With the Fire on High by Elizabeth Acevedo

 

Love

Since I miss her so much, I pick up Babygirl from daycare even though it’s an extra half hour each way when I go there after school. Mamá Clara is super sweet and can’t stop showing me Babygirl’s artwork and finger paintings and all the little dresses she uses on her dolls. I haul Babygirl onto the bus and let her sing to me.

“She’s such an adorable child,” an older white woman says from across the aisle. “Your sister?”

I smile at Babygirl. “No, ma’am. My daughter.”

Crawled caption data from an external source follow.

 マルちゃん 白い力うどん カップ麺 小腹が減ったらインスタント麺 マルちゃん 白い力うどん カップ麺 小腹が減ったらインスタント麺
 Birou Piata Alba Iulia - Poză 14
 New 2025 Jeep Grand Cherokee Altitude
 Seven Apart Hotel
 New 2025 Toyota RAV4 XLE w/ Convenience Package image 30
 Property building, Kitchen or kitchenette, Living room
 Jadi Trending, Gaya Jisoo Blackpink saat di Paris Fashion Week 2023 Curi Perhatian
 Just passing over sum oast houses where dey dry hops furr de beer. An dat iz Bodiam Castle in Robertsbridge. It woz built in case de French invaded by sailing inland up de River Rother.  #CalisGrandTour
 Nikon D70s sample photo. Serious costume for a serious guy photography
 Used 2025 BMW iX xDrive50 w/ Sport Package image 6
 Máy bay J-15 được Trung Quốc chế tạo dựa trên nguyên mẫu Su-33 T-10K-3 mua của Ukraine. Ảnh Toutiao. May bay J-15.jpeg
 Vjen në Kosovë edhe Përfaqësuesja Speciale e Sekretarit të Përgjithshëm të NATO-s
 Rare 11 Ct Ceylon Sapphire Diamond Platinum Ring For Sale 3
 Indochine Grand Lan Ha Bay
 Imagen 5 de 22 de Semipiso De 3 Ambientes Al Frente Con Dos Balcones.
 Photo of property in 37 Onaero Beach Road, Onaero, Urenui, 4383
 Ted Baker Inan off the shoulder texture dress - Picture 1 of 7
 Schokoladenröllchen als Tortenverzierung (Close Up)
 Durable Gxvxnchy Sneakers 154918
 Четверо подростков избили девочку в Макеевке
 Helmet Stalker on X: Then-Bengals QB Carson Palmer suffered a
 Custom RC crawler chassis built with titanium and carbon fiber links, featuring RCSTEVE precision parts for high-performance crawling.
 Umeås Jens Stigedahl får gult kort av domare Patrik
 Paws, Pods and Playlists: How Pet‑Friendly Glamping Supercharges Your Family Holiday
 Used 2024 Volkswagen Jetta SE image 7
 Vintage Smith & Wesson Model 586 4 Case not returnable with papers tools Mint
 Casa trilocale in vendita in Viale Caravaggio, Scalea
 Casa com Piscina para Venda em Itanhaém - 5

The smile fades from her face but mine stays right where it is. I’ve met this kind of woman before. The kind with real strict ideas about what makes certain people respectable. The kind that gets sour-faced at learning Babygirl is my daughter, but who would have sympathy if I was of a paler complexion. The kind that looks at Angelica’s colorful hair and calls her ghetto under her breath, but thinks a white tween with purple cornrows is charming and creative. She looks like the kind of woman who will break a stereotype down the middle and hold one half up for white kids and one up for black ones. And maybe I’m stereotyping her, too. Pretending to know what kind of woman she is because of the kind of women who have hated on me, and Angelica, and all the black and brown girls we know from home; who have shaken their heads and tsked their teeth, and reminded us we weren’t welcome in their part of the city, on their side of the bus, in their world.

The smile stays on my face. I nuzzle Babygirl. Just the two of us. We can make it if we try.